A memory copy plus updating what ever internal memory structures you have is definitely going to be over 1us. Even a non-fsync NVMe write is still >=1us, so this is grossy misleading.

1 comments

our p50 is indeed 600ns for write, the way I explained it. I understand that at this point, this can be read as "trust me bro" kind of statement, but I can offer you something. we can have a quick call and I provide you access to a temp server with HPKV installed on it, with access to our test suit and you'll have a chance to run your own tests.

this can be a good learning opportunity for both of us (potentially more for us) :)

if you're interested, please send us an email to support@hpkv.io and we can arrange that

for the time being, have a look at this please: http://hpkv.io/videos/performance_local.webm

this is 1M records, 3M operations on a single node, single thread, recorded in real time (1x).

I understand that without access to the source of test program it's hard to trust, but we can arrange that if you decided to take on that call :)

The question from most of us isn't "did you get that number," it's "what does that number actually mean?" Writes don't need to return any data, so you can sort of set that latency number arbitrarily by changing the meaning of "write done." I can make "redis with 0 write latency" by returning a "write done" immediately after the packet lands, but then the meaning of "write done" is effectively nil.

In every persistent database, that number indicates that an entry was written to a persistent write-ahead log and that the written value will stay around if the machine crashes immediately after the write.
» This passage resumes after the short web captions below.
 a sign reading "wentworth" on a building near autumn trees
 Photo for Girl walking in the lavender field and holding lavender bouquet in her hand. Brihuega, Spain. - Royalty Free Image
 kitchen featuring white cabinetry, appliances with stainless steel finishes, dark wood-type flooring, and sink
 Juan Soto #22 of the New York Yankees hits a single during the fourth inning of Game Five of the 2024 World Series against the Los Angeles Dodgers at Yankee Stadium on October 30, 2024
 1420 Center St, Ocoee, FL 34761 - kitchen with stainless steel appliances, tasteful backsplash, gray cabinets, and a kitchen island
Clearly you don't do this because it's impossible to do in 600 ns. For most of the non-persistent databases (eg redis, memcached), write latency is about how long it takes for something to enter the main data structure and become globally readable. Usually, "write done" also means that the key is globally readable with no extra performance cost (ie it was not just dumped into a write-ahead log in memory and then returned).

In a world where you spoke about the product more credulously or where code was open-source, I might accept that this was the case. As it stands, it looks like:

1. This was your "marketing gimmick" number that you are trying to sell (every database that isn't postgres has one).
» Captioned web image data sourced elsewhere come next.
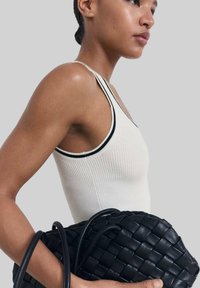 Schwarze geflochtene Lederhandtasche mit doppelten Griffen, gehalten neben einem hellen, gerippten Tanktop mit schwarzem Rand an den Trägern und dem Ausschnitt.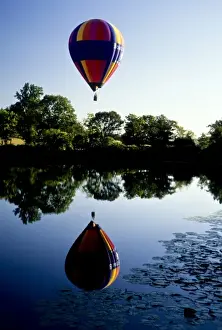 Lily Pond Prints: New Jersey, Oldwick, hot-air balloon aloft at sunrise over pond with water lillies
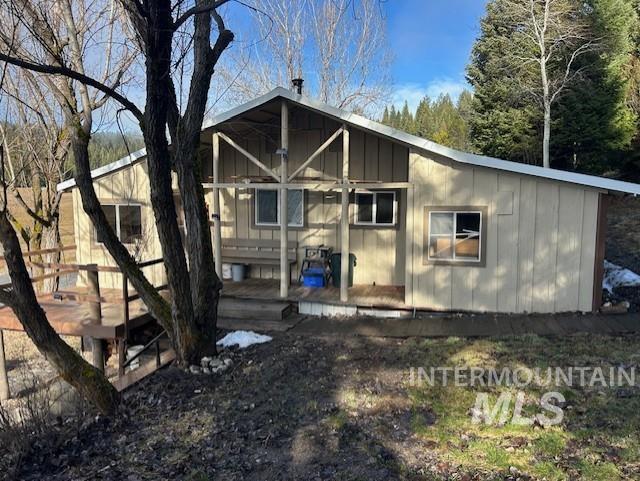 Entry view of house with a wooden deck and board and batten siding
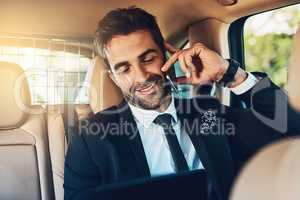 Hes hearing good news on hes way to the office. a handsome young corporate businessman on a call while commuting.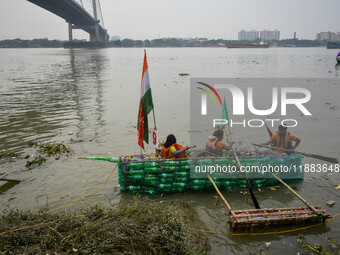 A boat made out of plastic bottles is displayed during the annual boat festival in Kolkata, India, on December 20, 2024. This kind of sustai...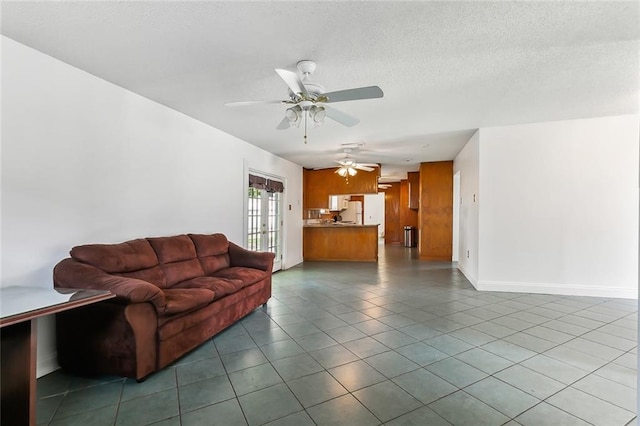 tiled living room featuring french doors, ceiling fan, and a textured ceiling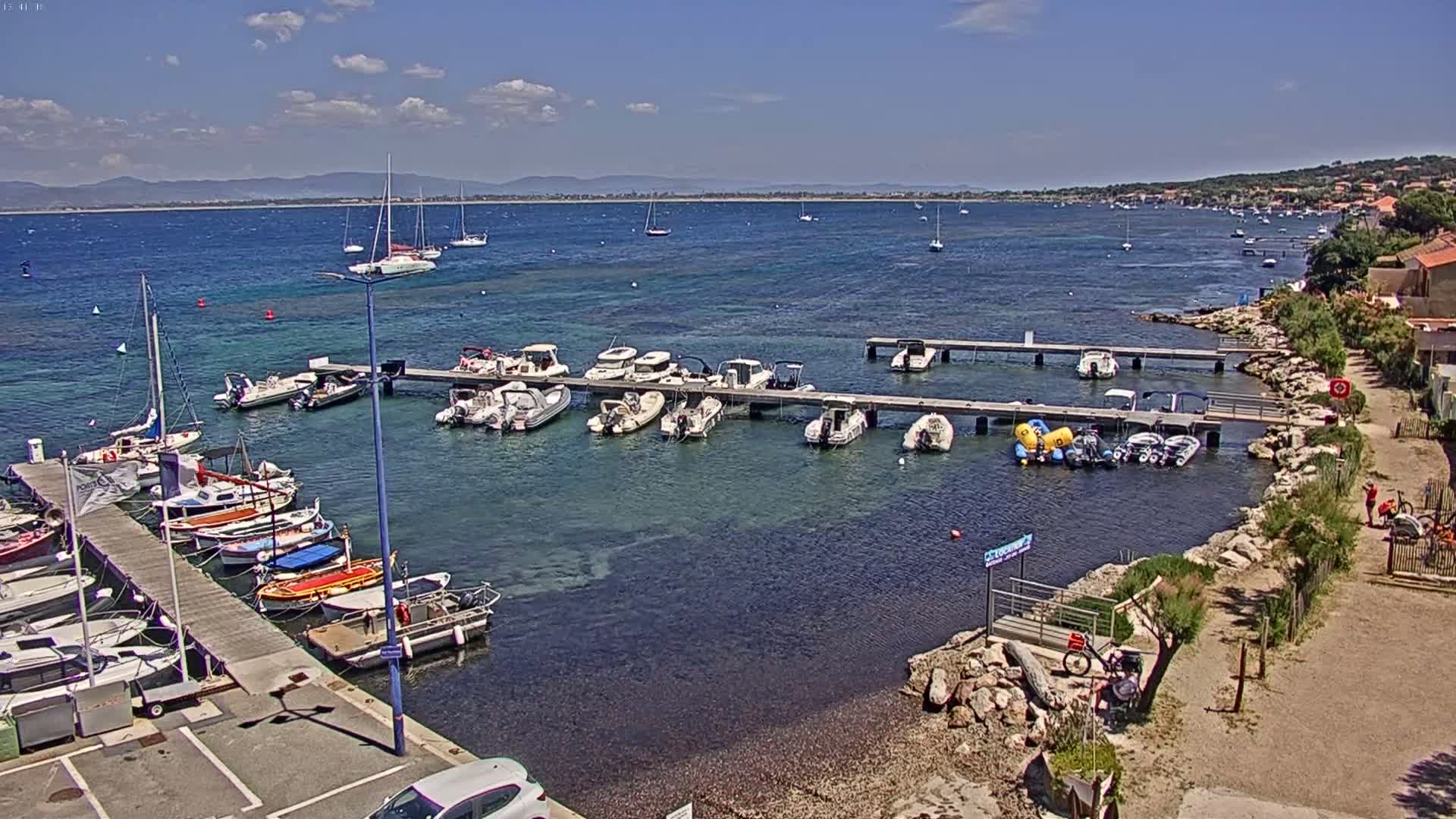 A sunny day shows numerous boats docked at a marina, with a calm, clear body of water extending to a distant shoreline.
2. You got it primarily by compromising on the meaning of "write done," and not on the basis of good engineering.

Thank you for your thoughtful critique.

To clarify what our numbers actually mean and address your main question of "what does that number actually mean":

1- The 600ns figure represents precisely what you described - an in-memory "write done" where memory structures are updated and the data becomes globally readable to all processes. This is indeed comparable to what Redis without persistence or memcached provides. Even at this comparable measurement basis (which isn't our marketing gimmick, but the same standard used by in-memory stores), we're still 2-6x faster than Redis depending on access patterns.

For full persistence guarantees, our mean latency increases to 2582ns per record (600ns in-memory operation + 1982ns disk commit) for our benchmark scenario with 1M records and 100-byte values. This represents the complete durability cycle. This needs to be compared with for example Redis with AOF enabled.
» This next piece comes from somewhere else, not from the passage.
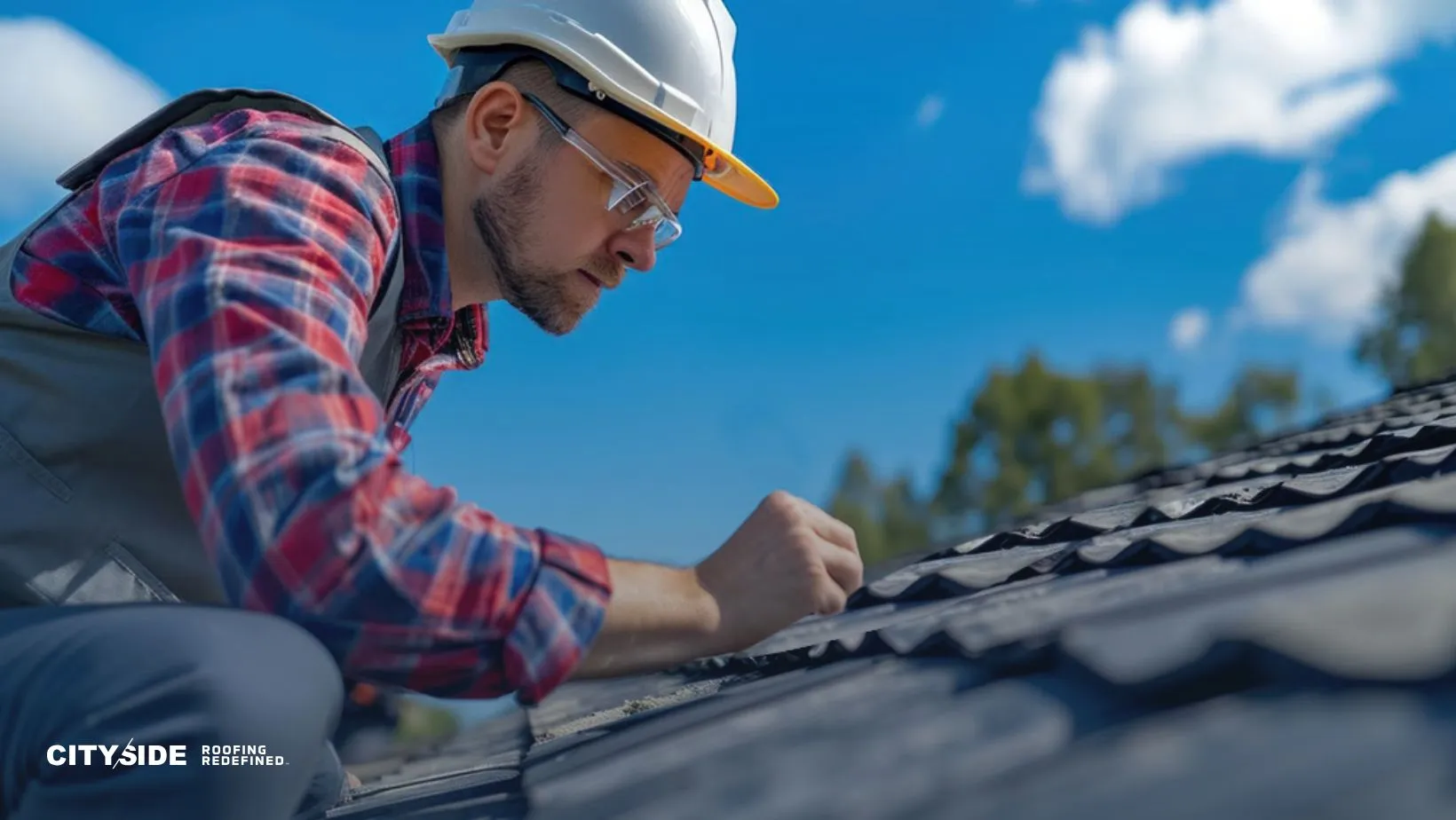 A man in a hard hat and plaid shirt inspects roofing shingles under a bright blue sky with scattered clouds, conveying focus and professionalism.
2- I agree that the meaning of "write done" requires clear context. We've been focusing on the in-memory performance advantages in our communications without adequately distinguishing between in-memory and persistence guarantees.

We weren't trying to hide the disk persistence number, we simply used "write done" because in our comparison we compared with Redis without persistence. but mentioning the persistence made an understandable confusion. that was bad on our part.

Based on your feedback, we'll update our documentation to provide more precise metrics that clearly separate these operational phases and their respective guarantees.

UPDATE:

clarification on mean disk write measurement:

the mean value is calculated from the total time of flushing the whole write buffer (parallel processing depending on the number of available cpu cores) divided by the number of records. so the total time for processing and writing 1M records as described above was 1982ms which makes the mean write time for each record 1982ns.

> For full persistence guarantees, our mean latency increases to 2582ns per record (600ns in-memory operation + 1982ns disk commit)

By the way, this set of numbers also makes you look stupid, and you should consider redoing those measurements. No disk out there has less than 10 microseconds of write latency, and the ones in the cloud are closer to 50 us. Citing 2 micros here makes your 600 ns number also look 10x too optimistic.

I would suggest taking this whole thread as less of an opportunity to do marketing "damage control" and more of an opportunity to get honest feedback about your engineering and measurement practices. From the outside, they don't look good.

I also see the update in response to this comment, and it puts everything into perspective. You haven't changed the meaning of "write done," you have just been comparing your reciprocal throughput against Redis's latency, and I think you have been confusing those two.

"600 ns" then really means "1.6M QPS of throughput," which is a good number but is well within the capabilities of many similar offerings (including several databases that are truly persistent). It also says nothing about your latency. If you want to say you are 2-6x faster than Redis, you are going to have to compare that number to Redis's throughput.